■ Exercise
Pick up at the line with "Ǫư ø̶ 1忡 KO". Write it out exactly, along with each later line through the end of the data, and nothing more.

*** Opening of Supplied data ***

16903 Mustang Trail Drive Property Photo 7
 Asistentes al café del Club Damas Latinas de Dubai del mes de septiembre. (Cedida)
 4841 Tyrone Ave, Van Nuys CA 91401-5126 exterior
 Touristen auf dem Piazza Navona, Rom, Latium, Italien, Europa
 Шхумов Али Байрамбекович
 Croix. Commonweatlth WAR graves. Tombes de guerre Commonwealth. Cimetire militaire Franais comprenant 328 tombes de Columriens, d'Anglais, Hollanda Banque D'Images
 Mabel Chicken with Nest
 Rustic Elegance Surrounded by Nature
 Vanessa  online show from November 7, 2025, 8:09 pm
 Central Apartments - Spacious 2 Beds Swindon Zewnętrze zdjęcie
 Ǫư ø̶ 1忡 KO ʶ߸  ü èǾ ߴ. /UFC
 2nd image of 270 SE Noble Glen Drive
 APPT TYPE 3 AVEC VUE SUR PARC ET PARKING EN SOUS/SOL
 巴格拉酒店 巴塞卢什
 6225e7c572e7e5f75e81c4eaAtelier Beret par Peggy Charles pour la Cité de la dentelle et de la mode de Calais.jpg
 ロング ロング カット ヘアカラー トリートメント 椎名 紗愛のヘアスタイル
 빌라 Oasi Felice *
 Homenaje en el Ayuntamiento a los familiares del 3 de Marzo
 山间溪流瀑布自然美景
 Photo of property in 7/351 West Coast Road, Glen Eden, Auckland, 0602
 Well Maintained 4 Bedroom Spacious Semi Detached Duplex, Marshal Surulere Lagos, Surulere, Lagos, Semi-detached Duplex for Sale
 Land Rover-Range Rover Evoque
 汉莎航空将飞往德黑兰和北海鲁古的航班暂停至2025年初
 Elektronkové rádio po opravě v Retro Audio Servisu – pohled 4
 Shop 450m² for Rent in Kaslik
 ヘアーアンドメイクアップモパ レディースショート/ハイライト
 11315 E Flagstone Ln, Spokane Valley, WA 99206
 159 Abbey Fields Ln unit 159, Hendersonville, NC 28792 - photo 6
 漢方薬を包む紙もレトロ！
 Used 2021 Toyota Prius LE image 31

*** Close of Supplied data ***

■ Exercise response
 Ǫư ø̶ 1忡 KO ʶ߸  ü èǾ ߴ. /UFC
 2nd image of 270 SE Noble Glen Drive
 APPT TYPE 3 AVEC VUE SUR PARC ET PARKING EN SOUS/SOL
 巴格拉酒店 巴塞卢什
 6225e7c572e7e5f75e81c4eaAtelier Beret par Peggy Charles pour la Cité de la dentelle et de la mode de Calais.jpg
 ロング ロング カット ヘアカラー トリートメント 椎名 紗愛のヘアスタイル
 빌라 Oasi Felice *
 Homenaje en el Ayuntamiento a los familiares del 3 de Marzo
 山间溪流瀑布自然美景
 Photo of property in 7/351 West Coast Road, Glen Eden, Auckland, 0602
 Well Maintained 4 Bedroom Spacious Semi Detached Duplex, Marshal Surulere Lagos, Surulere, Lagos, Semi-detached Duplex for Sale
 Land Rover-Range Rover Evoque
 汉莎航空将飞往德黑兰和北海鲁古的航班暂停至2025年初
 Elektronkové rádio po opravě v Retro Audio Servisu – pohled 4
 Shop 450m² for Rent in Kaslik
 ヘアーアンドメイクアップモパ レディースショート/ハイライト
 11315 E Flagstone Ln, Spokane Valley, WA 99206
 159 Abbey Fields Ln unit 159, Hendersonville, NC 28792 - photo 6
 漢方薬を包む紙もレトロ！
 Used 2021 Toyota Prius LE image 31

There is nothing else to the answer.